Implementation details. We implement the proposed CNN-Text method in Tensorflow and Word2Vec [20] Library. For Word2Vec, we use GoogleNews pretrained corpus [27], which contains 300-dimensional vectors for three million words and phrases. We use Spacy as the part-of-speech tagging tool. For external information, we use Wikipedia to extend the entity and the class in lookup process, and we use DBpedia to query unstructured text. All the experiments are performed on an R9-3900X server with 32G RAM and 1080Ti GPU. The training epoch is set to 50. The average training time per epoch for CNN module in CNN-Text ranges from 0.5556 s for Limaye to 8.5657 s for T2Dv2, and the training time of ColNet is similar. But for the prediction process, CNN-Text takes 19.98 s for T2Dv2 and 2.95 s for Limaye whereas ColNet takes 12.6 s for T2Dv2 and 2.34 s for Limaye. We adopt precision, recall, and F1-score metrics to compare our method’s performance with other baseline methods. To ensure the repeatability and validity of the model, all experiments were repeated five times, and the scores were averaged to obtain the final results. To verify the model’s performance on both single-label and multilabel classification, we use the “tolerant” mode and the “strict” mode for evaluation, which involve different truth datasets. Generally, we got only one or two truth values in strict mode, while tolerant typically has more (up to five) truth values for each label of column.

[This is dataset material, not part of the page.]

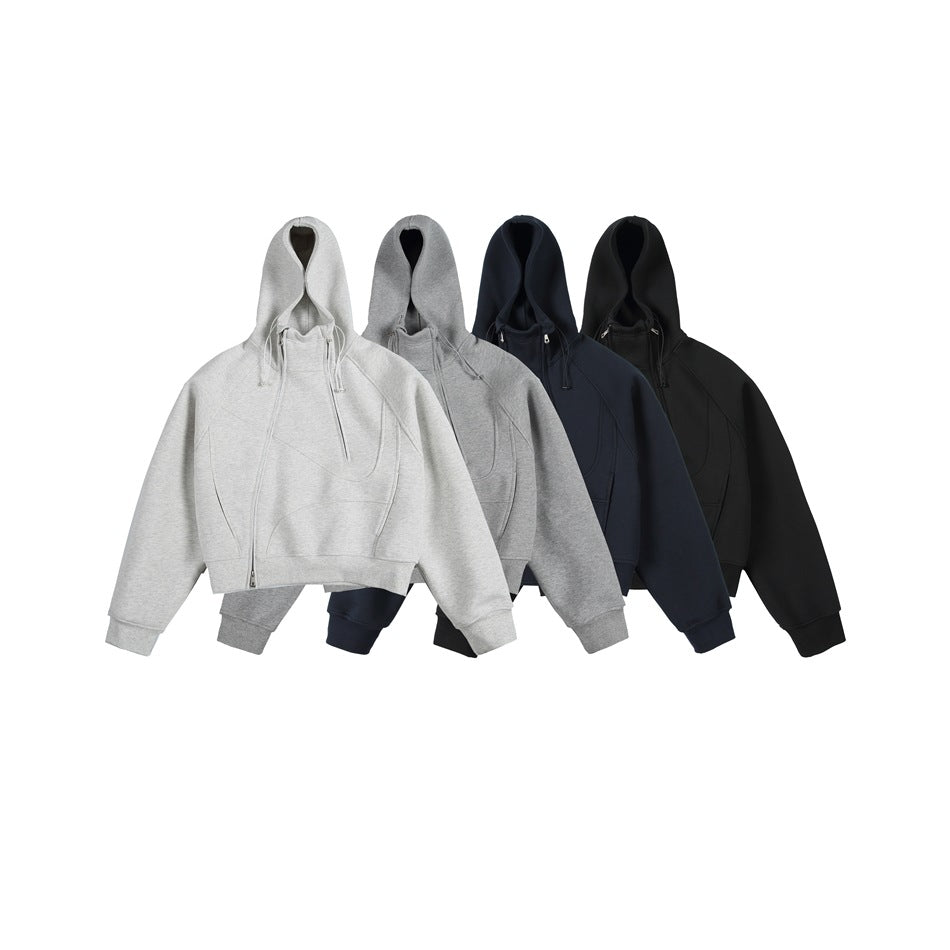 Four cropped zip hoodies with drawstrings shown together in white, heather gray, navy, and black.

Therefore, we compute metrics’ scores for strict mode based on a single-label classification problem, but scores for tolerant mode are based on a multilabel classification problem. The length of subcolumn for ColNet and CNN-Text is set to 2 and 4 (subsequent experiments will demonstrate). For CNN-Text, we manually optimize φ 1 and φ 2 to 0.5 and 0.08, respectively.

5.2. Experimental Results

Table 2 and Table 3 illustrate the performance of various methods on the Limaye dataset and T2Dv2 dataset respectively, where we only use the augmented data derived from the whole original dataset as the training set and use original labeled columns as the test set. Limaye does not have labeled NPK columns, so we can only accomplish the type prediction for PK columns. First, T2K Match only adopts the candidate matching method, which cannot fully utilize the semantic features buried in columns. Therefore, T2K Match achieves the worst results on all datasets and in all evaluation modes. On the Limaye dataset, CNN-Text outperforms other methods in both modes, which can contribute to the impact of combining the CNN prediction with the voting mechanism. CNN module focuses on capturing the critical entity information in the column, and its prediction results are more inclined to the types labeled in the original dataset. At the same time, the voting mechanism adopts a method similar to knowledge base matching, which can efficiently complete the prediction for those types from the knowledge base. Therefore, the combination of this method and CNN can make up for the defect that CNN cannot predict the type from the knowledge base well. In the strict mode, the recall of CNN-Text can be improved by nearly 6%, and the F1-score can be improved by 2.9% and the precision is generally improved. While in the tolerant mode, the F1-score of CNN-Text has a 4.7% improvement compared with ColNet, with significantly increased precision and naturally enhanced recall. On the T2Dv2 dataset, CNN-Text achieves comparable performance with Colnet, while both are still much higher than T2K Match. These results indicate that the extracted text of T2Dv2 is dirty to describe the corresponding entity, bringing about poor voting results.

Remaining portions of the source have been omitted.